You know, if I've noticed anything in the past couple years, it's that even if you self-host your own site, it's still going to get hoovered up and used/exploited by things like AI training bots. I think between everyone's code getting trained on, even if it's AGPLv3 or something similarly restrictive, and generally everything public on the internet getting "trained" and "transformed" to basically launder it via "AI", I can absolutely see why someone rational would want to share a whole lot less, anywhere, in an open fashion, regardless of where it's hosted.
I'd honestly rather see and think more about how to segment communities locally, and go back to the "fragmented" way things once were. It's easier to want to share with other real people than inadvertently working for free to enrich companies.
How is this worse than a human reading your blog/code, remembering the key parts of it, and creating something transformative from it?
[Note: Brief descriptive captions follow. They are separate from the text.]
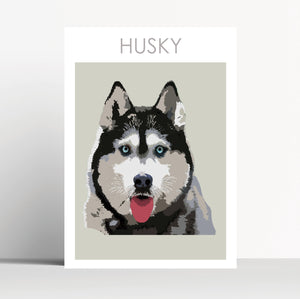 Husky Print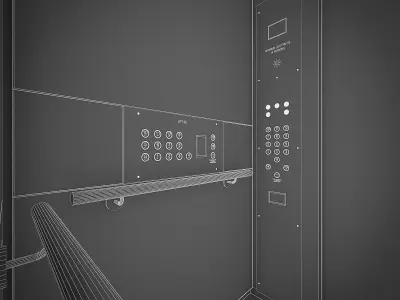 OTIS Elevators Collection - 12 Pack Low-poly 3D model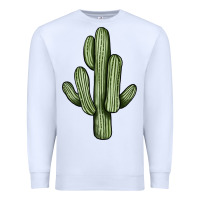 White cactus Premium Sweatshirt - JahusDesignShop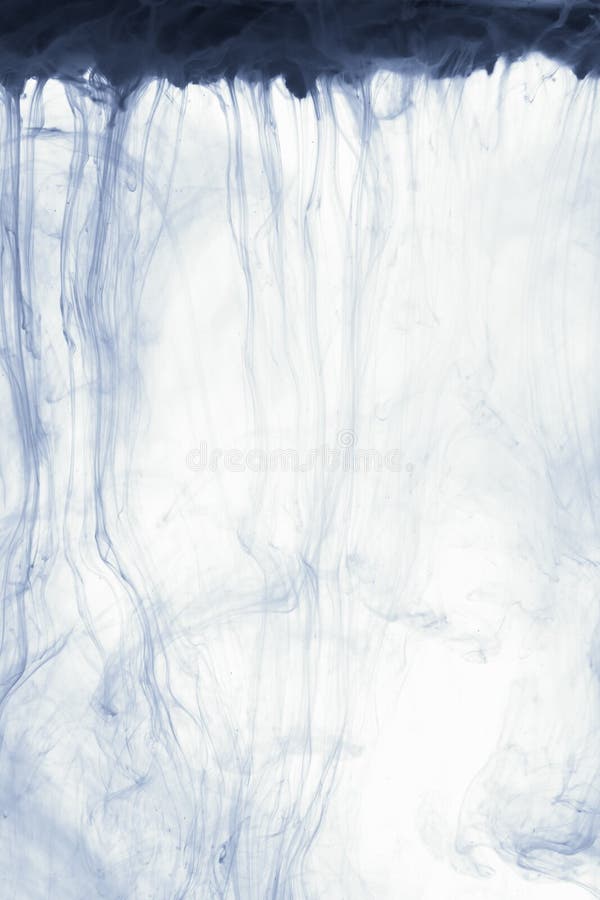 Smoke abstract background cloud of paint on white. Color ink drop in water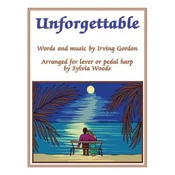 Unforgettable: Arranged for Lever or Pedal Harp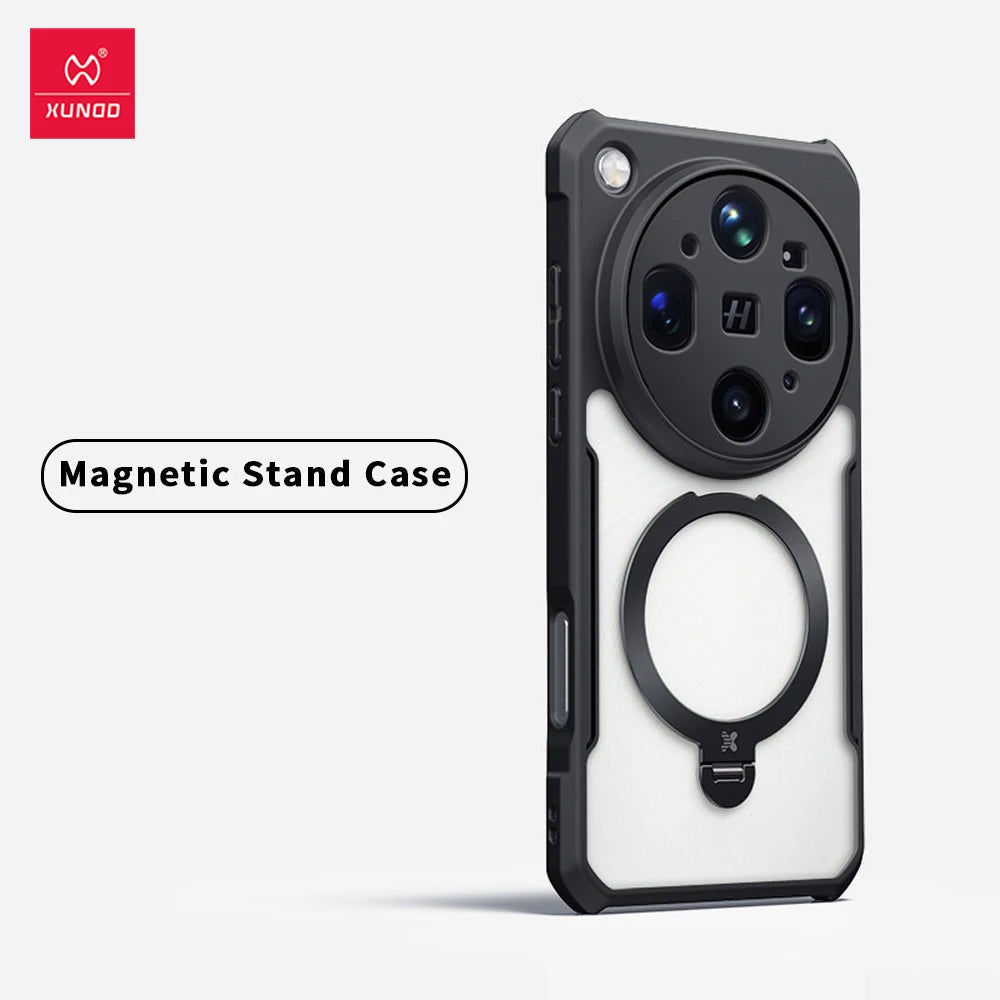 Xundd For Oppo Find X9 Ultra Case Airbags Shockproof PC&TPU Matte Transparent Bumper Anti-Drop Phone Cover  For Find X9 Ultra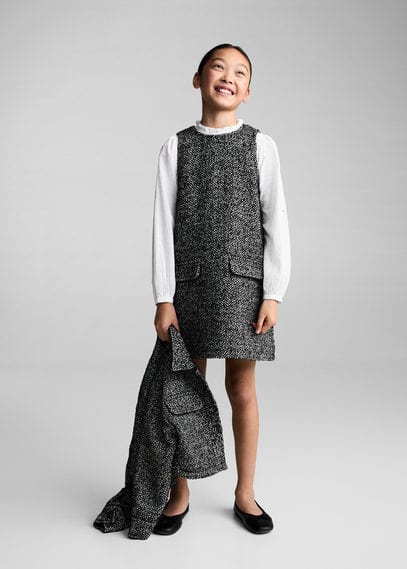 Mango Kids' - Jupe Salopette Noir - 11 - Enfants In Black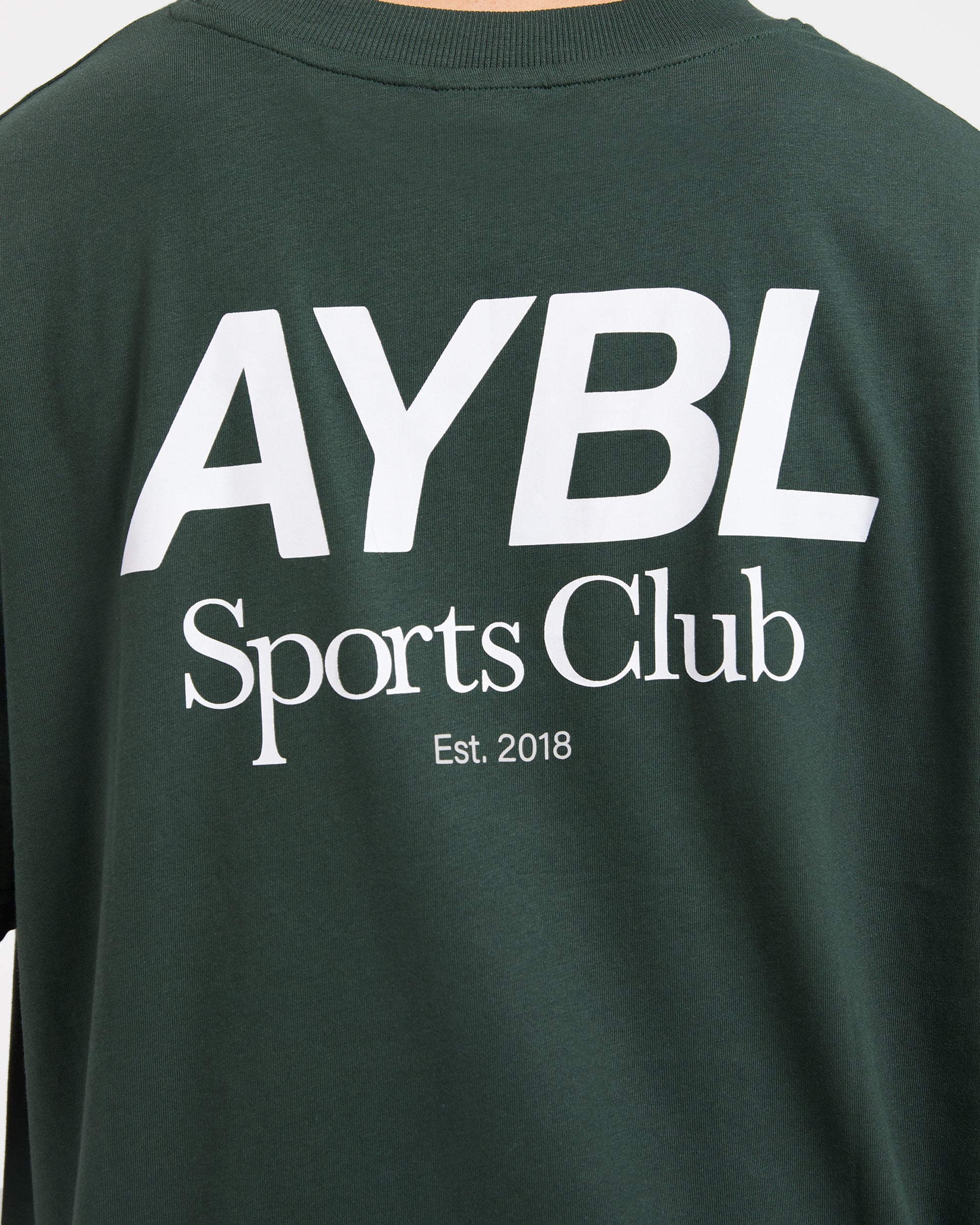 AYBL Sports Club Oversized T Shirt - Forest Groen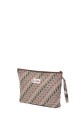 La Matilda - Large textile pouch makeup bag ROMBOS BEIGE M115-118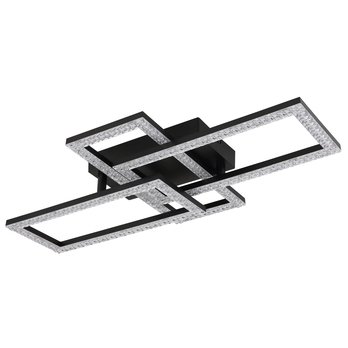 Stropní LED svítidlo SAPENA 4 černá 2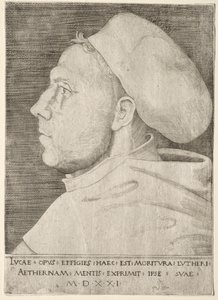 Martin Luther. af Lucas Cranach the Elder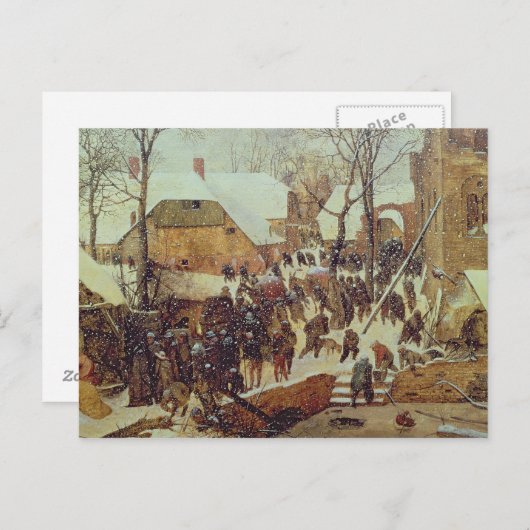 Carte Postale Scène d'hiver, XVIème siècle (Devant / Derrière)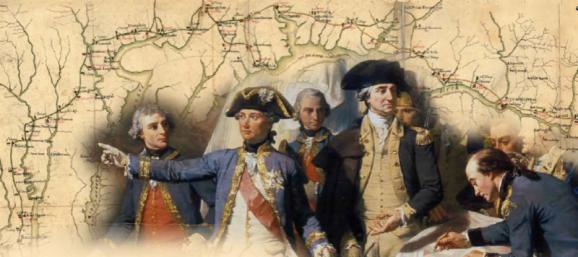 Artistic Rendering of Generals Washington and Rochambeau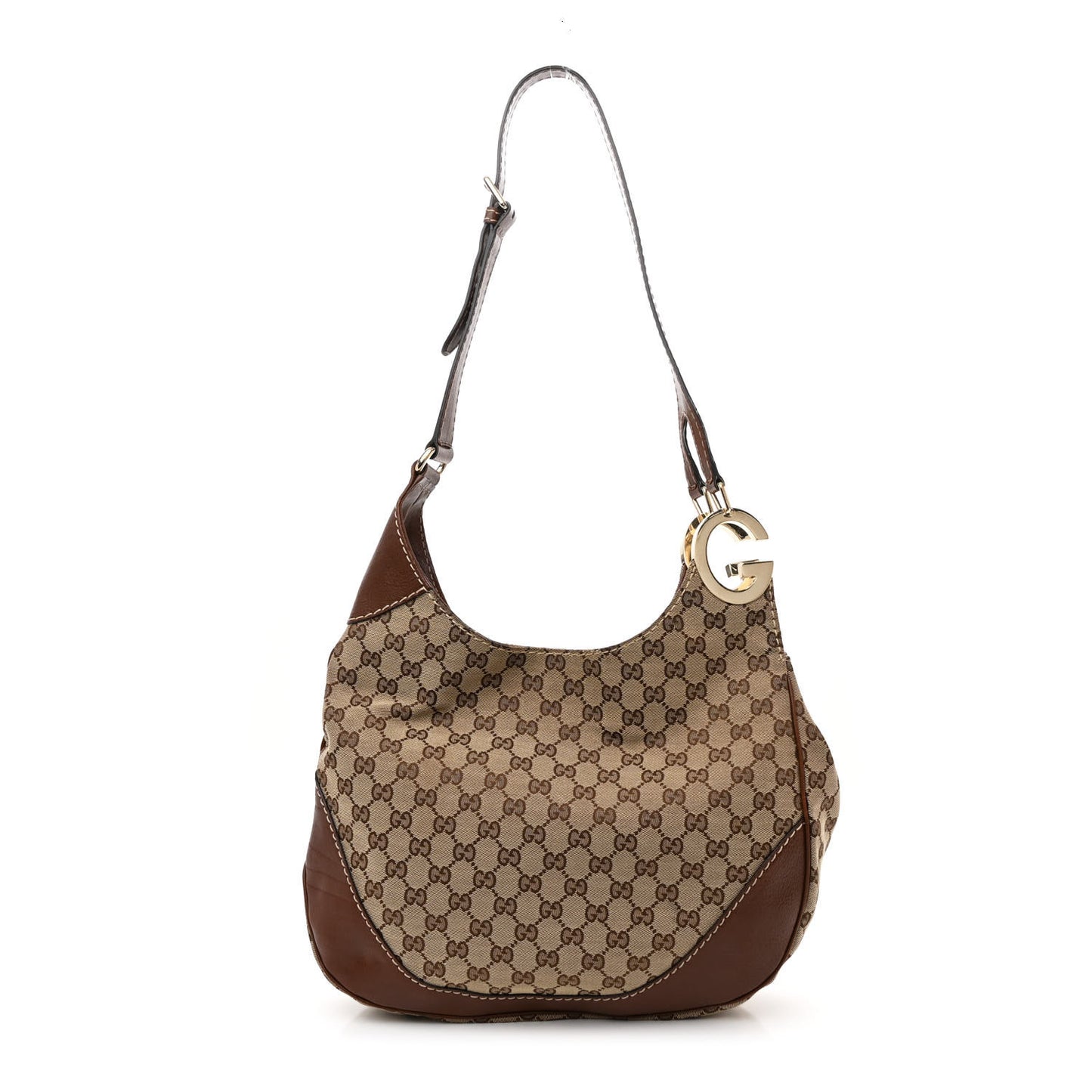 Monogram Medium Charlotte Hobo Brown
But if we're going to dig into this a bit, one person reading my code, internalizing it, processing it themselves, tweaking it and experimenting with it, and then shipping something transformative means that I've enhanced the knowledge of some individual with my work. It's a win. They got my content for free, as I intended it to be, and their life got a tiny bit better because of it (I hope).
The opposite of that is some massively funded company taking my content, training a model off of it, and then reaping profits while the authors don't even get as much as an acknowledgement. You could theoretically argue that in the long-run, a LLM would likely help other people through my content that it trained on, but ethically this is most definitely a more-than-gray area.
The (good/bad) news is that this ship has sailed and we now need to adjust to this new mode of operation.
Taking out the "training a model" part, the same thing could happen with a human at the company.